• _Extracted data_

----

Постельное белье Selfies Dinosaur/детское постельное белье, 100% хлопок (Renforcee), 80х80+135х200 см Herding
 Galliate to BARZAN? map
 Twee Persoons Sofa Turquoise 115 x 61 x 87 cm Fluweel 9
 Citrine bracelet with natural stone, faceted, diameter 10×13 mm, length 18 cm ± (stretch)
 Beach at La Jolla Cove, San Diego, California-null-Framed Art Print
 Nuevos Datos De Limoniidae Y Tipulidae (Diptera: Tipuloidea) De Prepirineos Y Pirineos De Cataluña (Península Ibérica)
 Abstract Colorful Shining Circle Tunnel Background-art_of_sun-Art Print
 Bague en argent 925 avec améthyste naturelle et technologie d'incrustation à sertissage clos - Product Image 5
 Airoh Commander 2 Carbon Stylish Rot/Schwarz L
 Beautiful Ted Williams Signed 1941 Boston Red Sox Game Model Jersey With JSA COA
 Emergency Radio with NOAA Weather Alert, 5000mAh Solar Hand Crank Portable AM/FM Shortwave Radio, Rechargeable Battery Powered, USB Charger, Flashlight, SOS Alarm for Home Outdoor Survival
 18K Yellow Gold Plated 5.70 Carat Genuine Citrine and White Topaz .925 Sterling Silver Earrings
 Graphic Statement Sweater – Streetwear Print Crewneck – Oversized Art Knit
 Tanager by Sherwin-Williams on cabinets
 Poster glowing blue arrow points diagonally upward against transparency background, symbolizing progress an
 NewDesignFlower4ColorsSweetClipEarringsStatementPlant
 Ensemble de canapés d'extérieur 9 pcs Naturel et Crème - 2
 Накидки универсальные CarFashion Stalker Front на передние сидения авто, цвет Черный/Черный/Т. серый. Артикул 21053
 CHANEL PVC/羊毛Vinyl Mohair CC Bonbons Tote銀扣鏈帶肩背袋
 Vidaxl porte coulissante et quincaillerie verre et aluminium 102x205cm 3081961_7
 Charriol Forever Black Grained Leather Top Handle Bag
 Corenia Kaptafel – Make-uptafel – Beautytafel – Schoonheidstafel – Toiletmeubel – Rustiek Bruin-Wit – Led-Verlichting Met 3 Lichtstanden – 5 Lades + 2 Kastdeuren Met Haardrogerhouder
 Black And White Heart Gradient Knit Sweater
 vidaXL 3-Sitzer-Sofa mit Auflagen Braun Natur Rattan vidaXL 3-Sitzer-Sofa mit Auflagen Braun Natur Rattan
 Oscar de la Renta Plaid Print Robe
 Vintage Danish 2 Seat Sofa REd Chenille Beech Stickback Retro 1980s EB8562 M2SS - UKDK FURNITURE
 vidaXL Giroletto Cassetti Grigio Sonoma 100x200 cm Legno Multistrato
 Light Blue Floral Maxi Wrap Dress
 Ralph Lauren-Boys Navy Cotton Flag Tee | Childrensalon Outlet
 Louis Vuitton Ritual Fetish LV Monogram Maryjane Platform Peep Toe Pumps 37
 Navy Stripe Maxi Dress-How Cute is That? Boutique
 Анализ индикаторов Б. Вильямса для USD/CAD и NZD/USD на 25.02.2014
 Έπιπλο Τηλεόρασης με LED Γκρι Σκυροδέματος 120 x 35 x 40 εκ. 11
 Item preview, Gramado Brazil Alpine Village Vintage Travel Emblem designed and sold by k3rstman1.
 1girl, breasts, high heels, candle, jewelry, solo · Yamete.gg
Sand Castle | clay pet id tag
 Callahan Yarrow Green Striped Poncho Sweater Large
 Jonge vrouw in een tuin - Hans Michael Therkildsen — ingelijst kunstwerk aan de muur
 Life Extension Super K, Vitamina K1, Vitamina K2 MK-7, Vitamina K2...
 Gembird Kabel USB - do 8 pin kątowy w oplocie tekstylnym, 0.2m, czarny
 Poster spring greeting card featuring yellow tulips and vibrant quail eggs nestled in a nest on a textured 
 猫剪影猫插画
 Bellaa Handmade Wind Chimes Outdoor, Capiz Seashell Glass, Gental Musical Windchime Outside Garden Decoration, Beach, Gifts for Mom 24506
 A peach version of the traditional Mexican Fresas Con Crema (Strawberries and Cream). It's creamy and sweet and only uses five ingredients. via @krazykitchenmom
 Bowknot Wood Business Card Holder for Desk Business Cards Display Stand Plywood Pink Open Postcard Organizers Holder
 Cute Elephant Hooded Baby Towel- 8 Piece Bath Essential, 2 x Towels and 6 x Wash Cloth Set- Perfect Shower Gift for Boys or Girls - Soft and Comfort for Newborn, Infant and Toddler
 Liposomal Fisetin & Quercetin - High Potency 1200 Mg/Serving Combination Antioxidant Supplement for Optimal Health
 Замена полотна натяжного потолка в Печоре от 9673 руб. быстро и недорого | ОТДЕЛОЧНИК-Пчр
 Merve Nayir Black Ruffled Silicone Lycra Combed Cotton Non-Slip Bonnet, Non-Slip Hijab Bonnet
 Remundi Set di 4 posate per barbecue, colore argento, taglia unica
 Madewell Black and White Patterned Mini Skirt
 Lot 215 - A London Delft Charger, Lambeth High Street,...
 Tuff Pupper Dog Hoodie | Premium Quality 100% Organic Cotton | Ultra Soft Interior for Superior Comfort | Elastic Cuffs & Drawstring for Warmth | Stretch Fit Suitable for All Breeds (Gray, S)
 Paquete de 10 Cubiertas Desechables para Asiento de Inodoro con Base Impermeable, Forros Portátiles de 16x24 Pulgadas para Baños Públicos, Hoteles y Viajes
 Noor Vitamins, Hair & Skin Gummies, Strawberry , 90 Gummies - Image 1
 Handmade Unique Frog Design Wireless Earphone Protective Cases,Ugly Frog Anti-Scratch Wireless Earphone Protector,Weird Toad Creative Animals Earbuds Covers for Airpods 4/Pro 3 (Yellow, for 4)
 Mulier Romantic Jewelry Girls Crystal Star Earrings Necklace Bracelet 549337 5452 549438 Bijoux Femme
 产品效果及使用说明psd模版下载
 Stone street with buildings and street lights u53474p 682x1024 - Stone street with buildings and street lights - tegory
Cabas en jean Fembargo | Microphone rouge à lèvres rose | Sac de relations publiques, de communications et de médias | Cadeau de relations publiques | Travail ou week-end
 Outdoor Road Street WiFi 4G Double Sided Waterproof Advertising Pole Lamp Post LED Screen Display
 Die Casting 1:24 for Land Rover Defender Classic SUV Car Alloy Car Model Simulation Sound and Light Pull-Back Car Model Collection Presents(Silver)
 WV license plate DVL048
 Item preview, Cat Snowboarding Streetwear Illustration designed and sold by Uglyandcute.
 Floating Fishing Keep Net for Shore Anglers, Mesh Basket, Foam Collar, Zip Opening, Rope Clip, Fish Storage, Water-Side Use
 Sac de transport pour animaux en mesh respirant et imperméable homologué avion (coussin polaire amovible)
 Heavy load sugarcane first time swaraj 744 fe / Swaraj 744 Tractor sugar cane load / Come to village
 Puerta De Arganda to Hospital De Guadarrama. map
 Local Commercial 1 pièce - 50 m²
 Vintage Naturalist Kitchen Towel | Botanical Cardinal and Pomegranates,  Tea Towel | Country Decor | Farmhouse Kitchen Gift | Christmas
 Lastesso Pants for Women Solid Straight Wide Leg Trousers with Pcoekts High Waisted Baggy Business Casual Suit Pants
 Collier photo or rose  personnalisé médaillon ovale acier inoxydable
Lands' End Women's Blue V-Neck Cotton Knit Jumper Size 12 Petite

----

Output must consist only of the listing's lines from the first through the line with "18K Yellow Gold", reproduced word for word.

Постельное белье Selfies Dinosaur/детское постельное белье, 100% хлопок (Renforcee), 80х80+135х200 см Herding
 Galliate to BARZAN? map
 Twee Persoons Sofa Turquoise 115 x 61 x 87 cm Fluweel 9
 Citrine bracelet with natural stone, faceted, diameter 10×13 mm, length 18 cm ± (stretch)
 Beach at La Jolla Cove, San Diego, California-null-Framed Art Print
 Nuevos Datos De Limoniidae Y Tipulidae (Diptera: Tipuloidea) De Prepirineos Y Pirineos De Cataluña (Península Ibérica)
 Abstract Colorful Shining Circle Tunnel Background-art_of_sun-Art Print
 Bague en argent 925 avec améthyste naturelle et technologie d'incrustation à sertissage clos - Product Image 5
 Airoh Commander 2 Carbon Stylish Rot/Schwarz L
 Beautiful Ted Williams Signed 1941 Boston Red Sox Game Model Jersey With JSA COA
 Emergency Radio with NOAA Weather Alert, 5000mAh Solar Hand Crank Portable AM/FM Shortwave Radio, Rechargeable Battery Powered, USB Charger, Flashlight, SOS Alarm for Home Outdoor Survival
 18K Yellow Gold Plated 5.70 Carat Genuine Citrine and White Topaz .925 Sterling Silver Earrings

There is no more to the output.